May is Asian American and Pacific Islander Heritage Month, a time to recognize and celebrate the contributions of Asian Americans and Pacific Islanders to American society, history, and culture.

Asian American and Pacific Islander Heritage Month originated in 1978, when President Jimmy Carter signed a joint resolution to designate the first week of May as Asian Pacific American Heritage Week. It was later expanded to a month-long observance in 1990. The month of May was chosen to commemorate the arrival of the first Japanese immigrants to the United States on May 7, 1843, and to honor the contributions of Chinese laborers in building the transcontinental railroad, completed on May 10, 1869.

This month at McKinley, we want to feature some Asian American and Pacific Islander-owned restaurants who, with their delicious plates, invite us to dive deeper into their culture.

To read about Orlando’s Asian American and Pacific Islander-owned restaurants, click here.

  1. Plate Sushi and Chicken

Former owner and founder of Ann Arbor’s beloved Totoro Japanese Restaurant, Jane Kim,  has now launched Plate Sushi and Chicken, located at 1133 Broadway Street. The restaurant, co-owned with friend Esther Kim, offers affordable, high-quality meals. Plate’s menu boasts a range of Asian and American dishes, including Korean-fried chicken wings, bento boxes, and sushi, all presented in an American-Asian fusion style. The menu also features unique items such as kimchi fries and chicken wings served with various glazes such as soy garlic, sweet and spicy, and our favorite, honey butter. 

  1. Lan City Hand Pulled Noodles

Malcolm Gin, the owner of Lan City Hand Pulled Noodles, has always been passionate about food. His love for traditional hand-pulled noodles began in Lanzhou, China, and he knew he had to share this unique dish with his hometown in Washtenaw County. Prior to opening his restaurant, Malcolm Gin gained experience running restaurants in New York and Michigan, where he learned the importance of quality cuisine. Lan City Hand Pulled Noodles is a family business, with Malcolm’s kids Cedric Gin and his sister managing the online operations. The signature noodles have a unique texture with a spicy kick, making it a fan favorite. The entire Gin family takes pride in working together and bringing delicious noodles to their community every day.

  1. Bao Boys Food Truck

LA natives Steven Choi and Brian Kim brought their Los Angeles-inspired flavors to Ann Arbor through their food truck, Bao Boys. The truck’s menu includes fried rice, the Don-Belly dish, and baos, which are sweet buns with various fillings made from white dough. Although neither Choi nor Kim have a background in the food industry, they both have a deep appreciation for food and wanted to share the foods they missed from LA with Ann Arbor. Originally, they considered offering poke, a raw fish dish but decided against it due to the increasing number of poke restaurants. The current bao menu at Bao Boys features flavors inspired by a variety of cuisines, including Brazil, El Salvador, and South Korea. According to Choi, the one thing all the menu items have in common is that “they all had to taste good with that sweet, pillow bao bun.”

  1. Ginger Deli

Let me tell you about Ginger Deli in downtown Ann Arbor, MI! This spot is all about bringing the bold, authentic flavors of traditional Vietnamese food to the masses with their own spin of creativity. Their goal is super cool – they want everyone to enjoy fresh and nourishing food that really fires up their taste buds. 

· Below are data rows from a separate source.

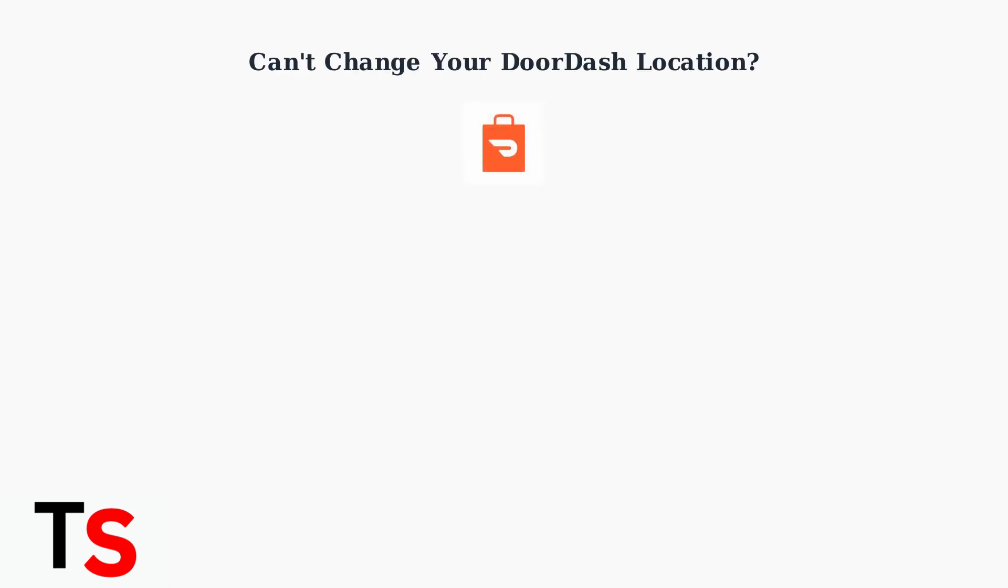Having trouble changing your starting point on DoorDash? Here are the most common causes and their quick fixes.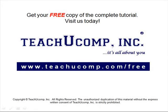Get your free copy of the complete tutorial at www.teachucomp.com/free.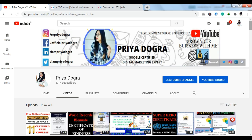Before starting, I would like to request all my viewers: if you are new to my channel, please go and subscribe, and do not forget to hit the bell icon so that you never miss an update. I am also active on my Telegram channel, so if you want to ask me anything related to free courses, certifications, or anything related to your career, you can join me there.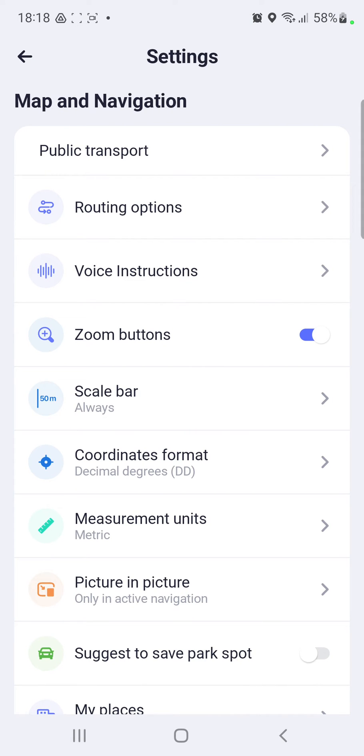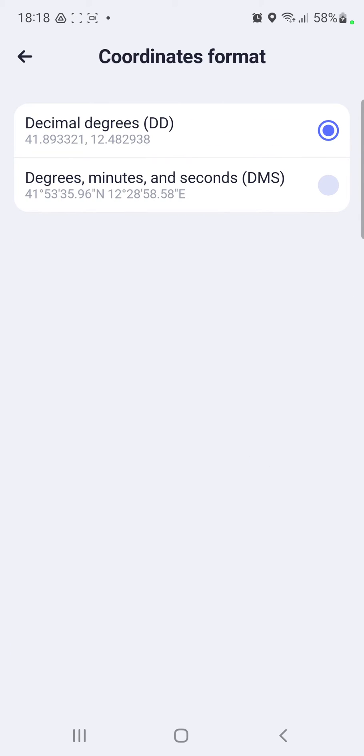You can find the coordinates format under the scale bar option and you can select decimal degrees or the degrees, minutes and seconds option.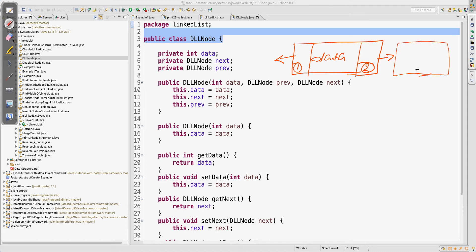The next section will also hold the address of the next node of the same type. Now, understanding the diagram, writing the POJO class is very simple. Data can be of any type — integer, string — it's up to your requirement. But your next and previous are always going to be of type DLL node, because previous holds the address of another node and next holds the address of another node.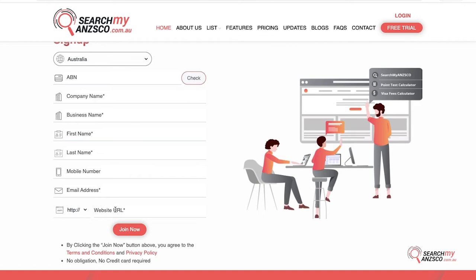For example, your domain might be www.searchmansco.com.au but your accessible domain is just searchmansco.com.au. Just put in your current domain where your website is accessible, and once you hit the Join Now button you will receive a link in the email to set up your password.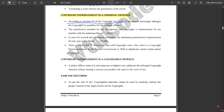For those who knowingly infringe copyright, they qualify for a criminal offense. The punishment for such copyright infringement is imprisonment for six months with a minimum fine of Rs. 50,000. In case of a second and subsequent conviction, the minimum punishment is imprisonment for one year and a fine of Rs. 1 lakh. There is a dedicated IPR division to deal with copyright cases, and a Copyright Board constituted by the central government in 1958 to adjudicate certain claims about copyright.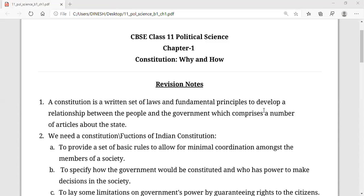We are having 12 schedules. So that is the framework of the constitution. Now, first we will discuss why do we need a constitution.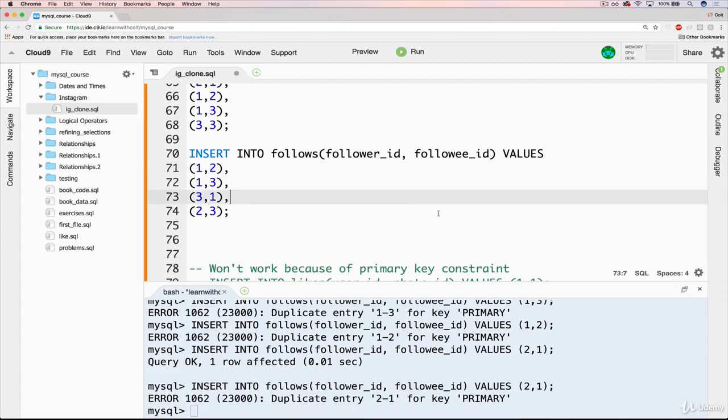So hopefully that makes sense. We're moving on now to our final piece, which is tags, hashtags.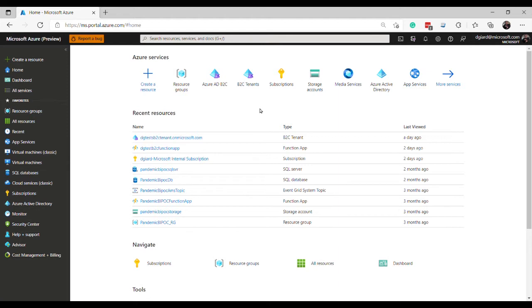Perhaps you're on a subscription that has multiple environments, maybe a dev and a QA and end user testing and production, and you want to keep them isolated so they each have their own set of users and their own set of policies. That might be a reason.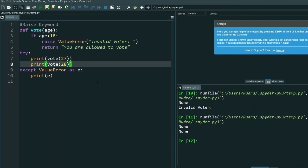Okay, now you are getting my point. I think you have understood what the 'raise' keyword is. With this we complete exception handling, and this is also the end of basics. From next onwards we will start object-oriented programming. If you have any doubt, watch my previous videos or raise a comment — I will obviously help you. Thank you for watching.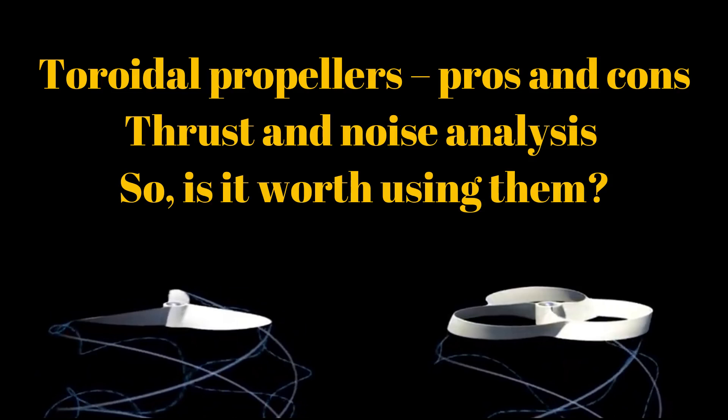Right now, one of the hottest topics in the drone world is the toroidal propellers. These propellers were proposed by MIT Lincoln Lab - you have a link in the description of this video - and are considered very quiet and efficient. So my goal for this video is to analyze them to see if it is worth using them at this moment of propeller development.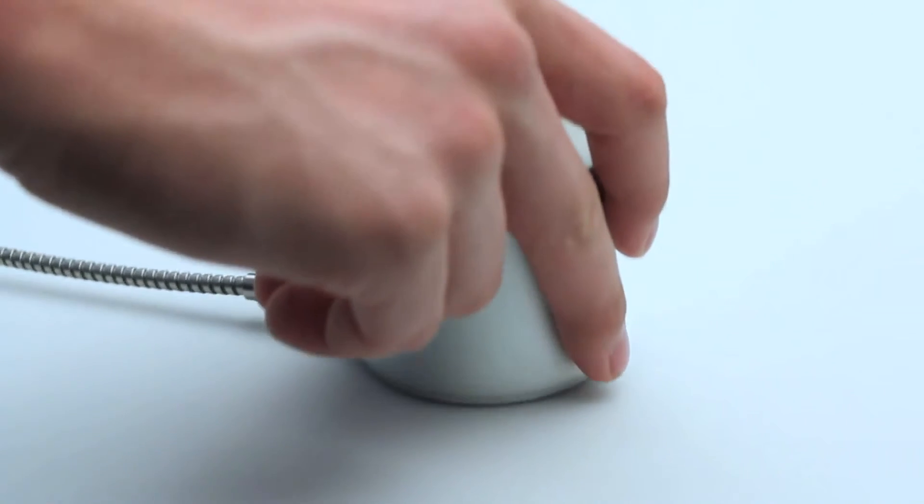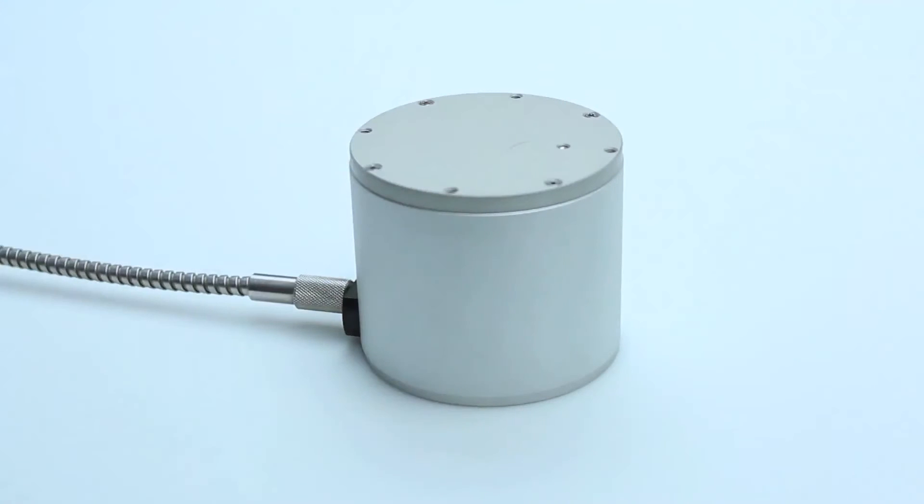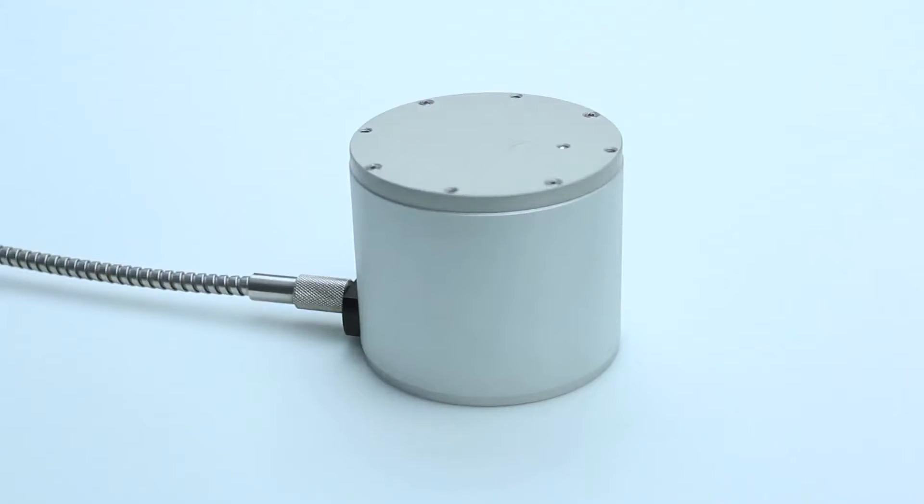Make sure there is no light that can enter the sphere. Take a dark reference.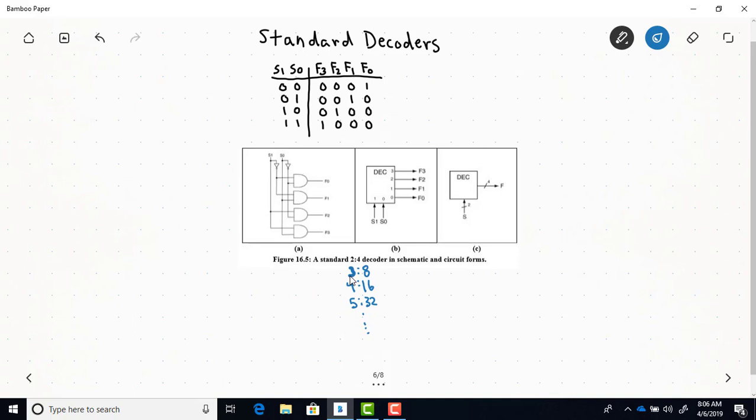On the left is the logic circuitry that makes up a 2-to-4 standard decoder, and up top is the truth table showing the relationship between outputs and select inputs. If there's a binary 0 at the select inputs — taking S0 as the least significant bit — output F0 will be 1 and all other outputs will be 0. If we have binary 1, then F1 is 1 and all others are 0. Binary 2 gives F2 equal to 1, and binary 3 gives F3 equal to 1, with all other outputs 0.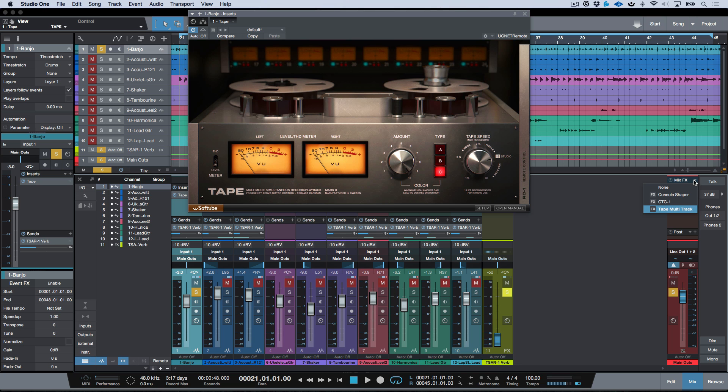Once you buy that license, then Softube Tape Multi-Track is going to show up in your Mix Effects rack in Studio One and you will be able to use it as a Mix Effects plugin. Anyways, I hope you found this video useful. I highly recommend that you head over to Softube and demo this out.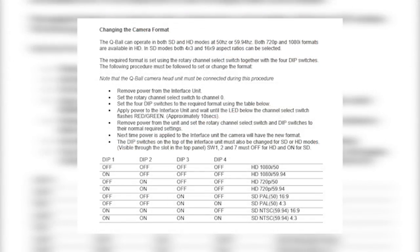To change the video format of the cue ball, navigate to the changing format section of the operations manual. On this page, a list of the different dip switch settings for the different formats is provided.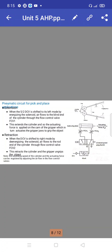Next is the pneumatic circuit for pick-and-place applications. Here we use the extension fraction. The forward and return stroke should be ensured in both hydraulic and pneumatic systems. When the 5/2 directional control valve is shifted to its left mode by energizing the solenoid, the air flows to the blind end of the cylinder through flow control valve FC1, which extends the cylinder.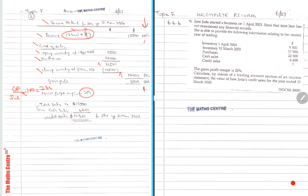Therefore, sales is 100%. Therefore, gross profit is 80%. So we work backwards. We know that the cost of sales is $14,000. Therefore, the gross profit must have been $3,500. How do you know that? The gross profit is just 20 over 80 times $14,000. And you'll get the $3,500.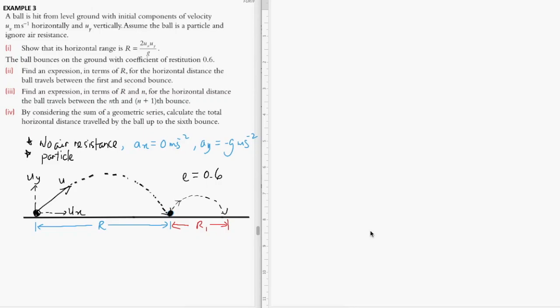We can look at a more advanced problem involving projectile motion and collision. In this example, the ball is launched at a certain angle theta, and it has both the horizontal component Ux and the vertical component Uy.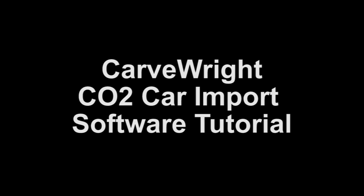CO2 Car Import Software. In the following tutorial, we will demonstrate the correct procedure for importing your CAD-generated CO2 Dragster Series car. The process is simple, but there are a couple of rules that have to be followed in order to successfully carve your CO2 car.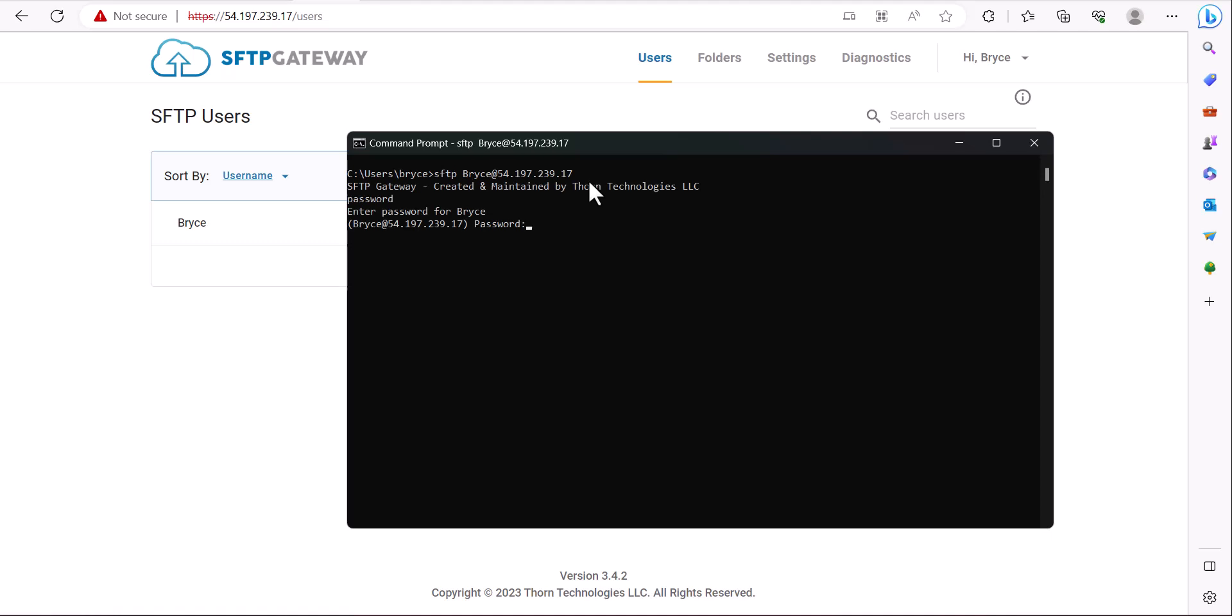Since my user is configured with a password, I'll be prompted for this. However, some users may be configured with an SSH key instead of a password. Now that I've typed in my password, I'm now connected to the SFTP server.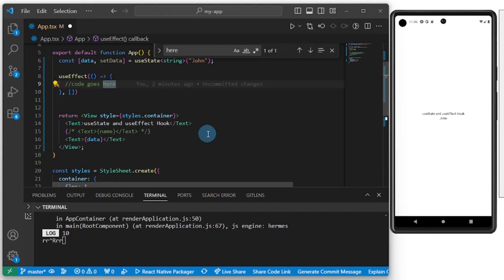All right guys, so essentially this is how to use useEffect and useState in React Native and React using TypeScript. I hope you enjoyed this one. See you in the next one!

Ginger Deli’s founder, Te Phan, is a former automotive designer and classical pianist (how cool is that?). After learning his mother’s incredible recipes, he was inspired to create Ginger Deli. With his impeccable attention to detail and love for quality, he’s turned Ginger Deli into a hub for ethnic cuisine and an artistic expression all on its own. 

  1. Cardamom

Cardamom aims to blend the best of both worlds – East and West, old and new, and the familiar with the unfamiliar – through food, culture, and relationships. The restaurant is named after cardamom, the “queen” of Indian spices, which is a vital ingredient in both savory and sweet Indian dishes and reflects the essence of what they do.

Centuries of Indian food and culture have inspired Cardamom to create something uniquely Indian by taking outside influences and blending them together. Their diverse menu celebrates the richness of India’s many regions and incorporates Western-inspired dishes alongside traditional dishes influenced by Persian, Chinese, Portuguese, and British cultures.

Asian American and Pacific Islander Heritage Month is a time to celebrate the rich history, culture, and contributions of Asian Americans and Pacific Islanders to American society. By exploring and learning about their cultures through tasty dishes we can promote diversity, inclusion, and a greater appreciation of the many ways in which different communities have helped shape American history and culture.